**Activity:** The entire listing that follows must be repeated exactly, pictures excluded.

**Given records:**

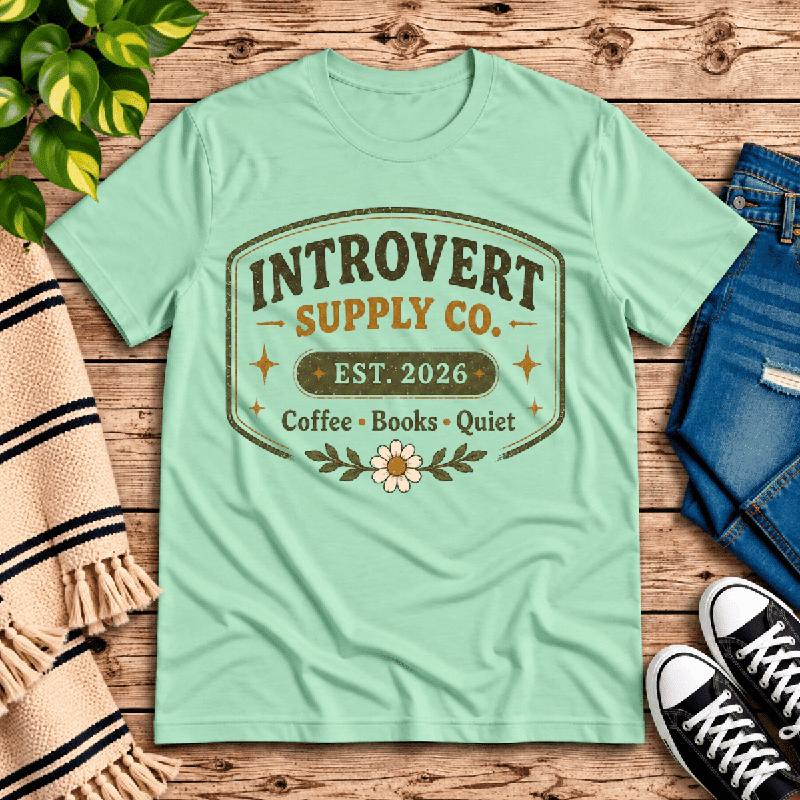 Introvert Supply Co. Premium T-Shirt in mint, flat lay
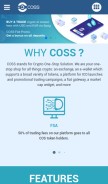 How coss.io looks like on a mobile device such as an iPhone.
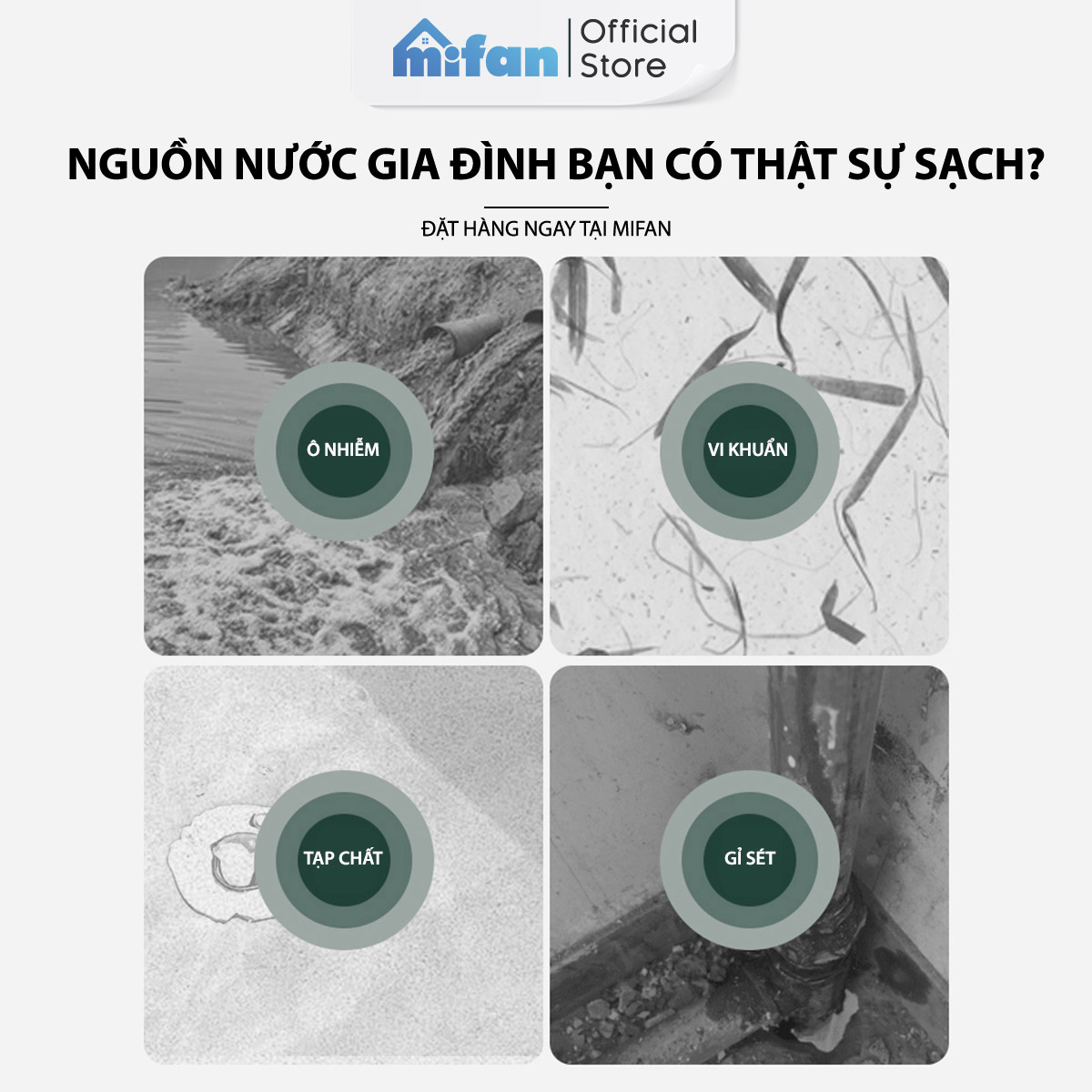 Đầu vòi rửa bát tăng áp lọc nước 3 chế độ phun Mifan - Lõi PP loại bỏ cặn bẩn, clo, màu và mùi, cổ xoay 360 bồn rửa chén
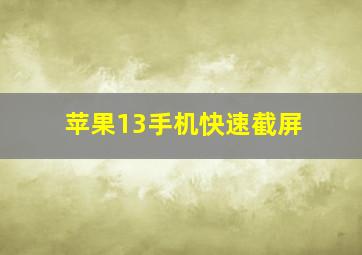 苹果13手机快速截屏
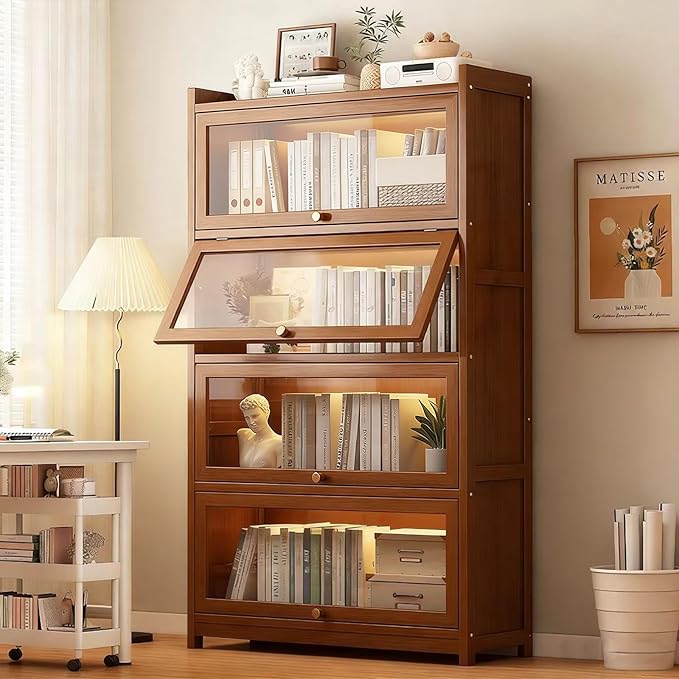 Display Cabinet with Acrylic Glass Doors, Tall Storage Cabinet with Adjustable - Image 6
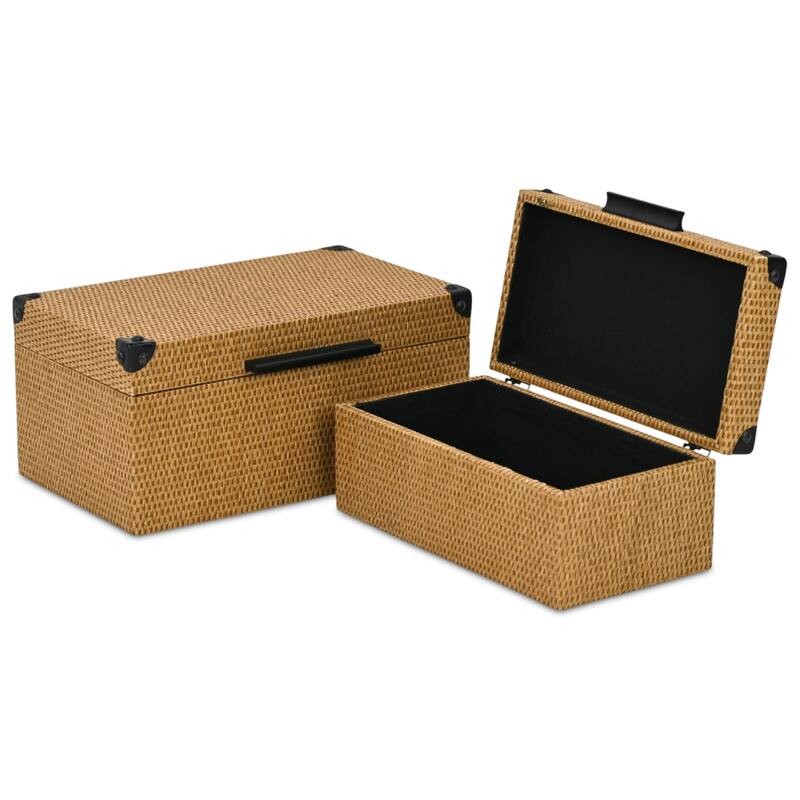 Weave Style Wicker Rectangular Nesting Boxes - 12.25" - Brown - Set of 2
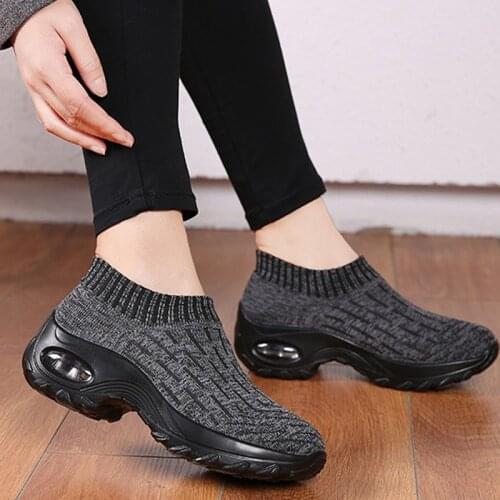 Womens knitted vulcanized shoes, womens sneakers, stretch fabric, breathable platform shoes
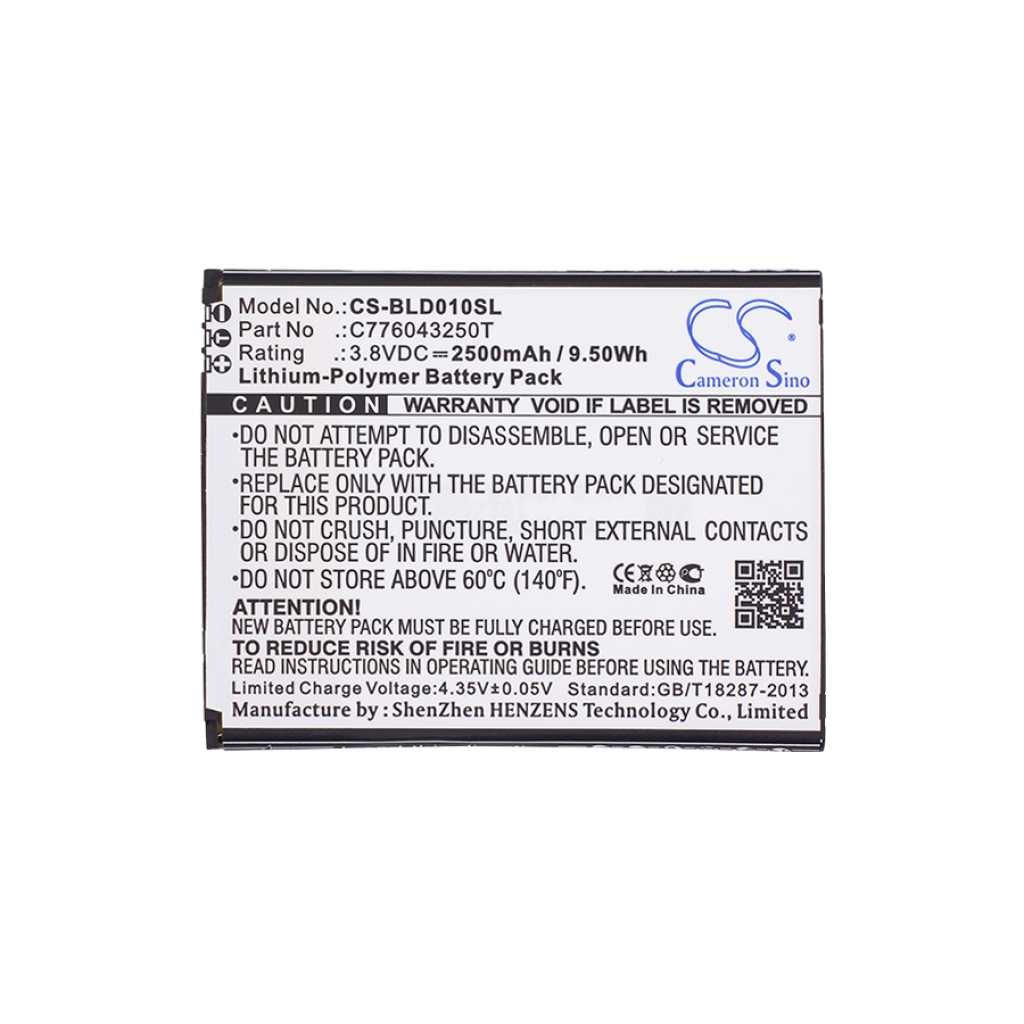 Compatibele batterijvervanging voor BLU C776043250T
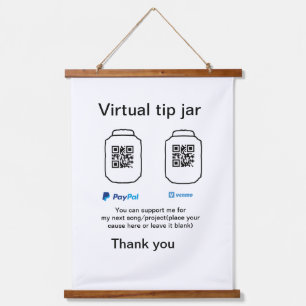 Virtual tip jar q oder Code-Geld-Spende PayPal ven Wandteppich Mit Holzrahmen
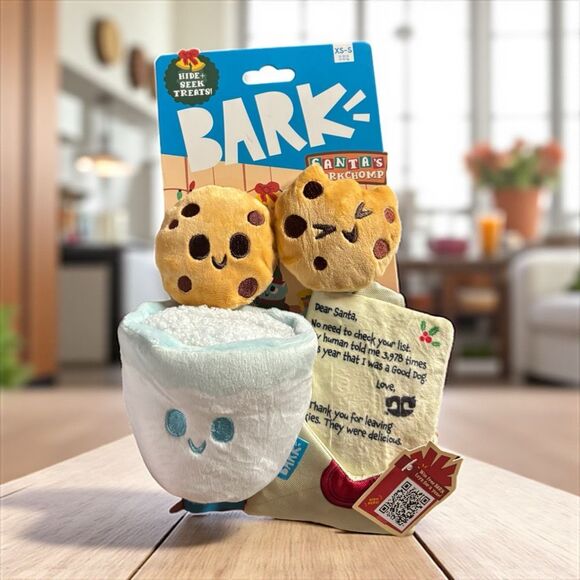 Bark Christmas Santa's Workchomp Hide Seek Toy 4 Piece Set XS-S 0-20lbs Dogs New - Picture 1 of 3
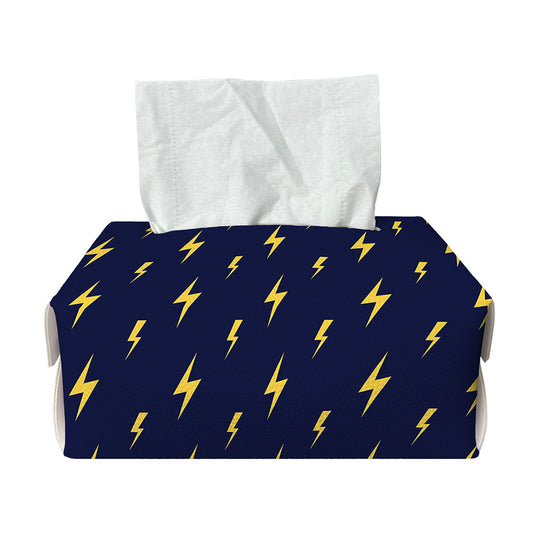 Yellow Lightning Bolts Pattern Print Rectangle Tissue Box Cover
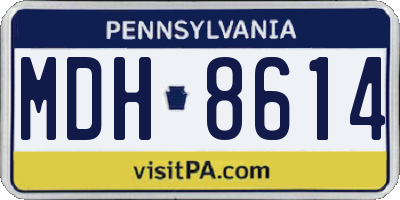 PA license plate MDH8614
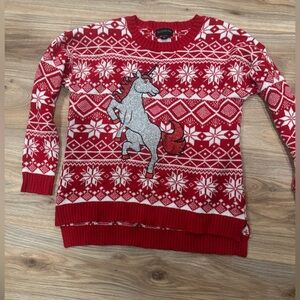 Red Unicorn Patterned Christmas Sweater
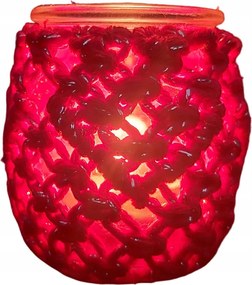 Üveg lampion, makramé, tealight, boho, LSM-05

**The answer:**
 Introvert Supply Co. Premium T-Shirt in mint, flat lay
 How coss.io looks like on a mobile device such as an iPhone.
 Đầu vòi rửa bát tăng áp lọc nước 3 chế độ phun Mifan - Lõi PP loại bỏ cặn bẩn, clo, màu và mùi, cổ xoay 360 bồn rửa chén
 苹果13手机快速截屏
 Display Cabinet with Acrylic Glass Doors, Tall Storage Cabinet with Adjustable - Image 6
 Weave Style Wicker Rectangular Nesting Boxes - 12.25" - Brown - Set of 2
 Womens knitted vulcanized shoes, womens sneakers, stretch fabric, breathable platform shoes
 Compatibele batterijvervanging voor BLU C776043250T
 Virtual tip jar q oder Code-Geld-Spende PayPal ven Wandteppich Mit Holzrahmen
 Bark Christmas Santa's Workchomp Hide Seek Toy 4 Piece Set XS-S 0-20lbs Dogs New - Picture 1 of 3
 Yellow Lightning Bolts Pattern Print Rectangle Tissue Box Cover
 PA license plate MDH8614
 Red Unicorn Patterned Christmas Sweater
 Üveg lampion, makramé, tealight, boho, LSM-05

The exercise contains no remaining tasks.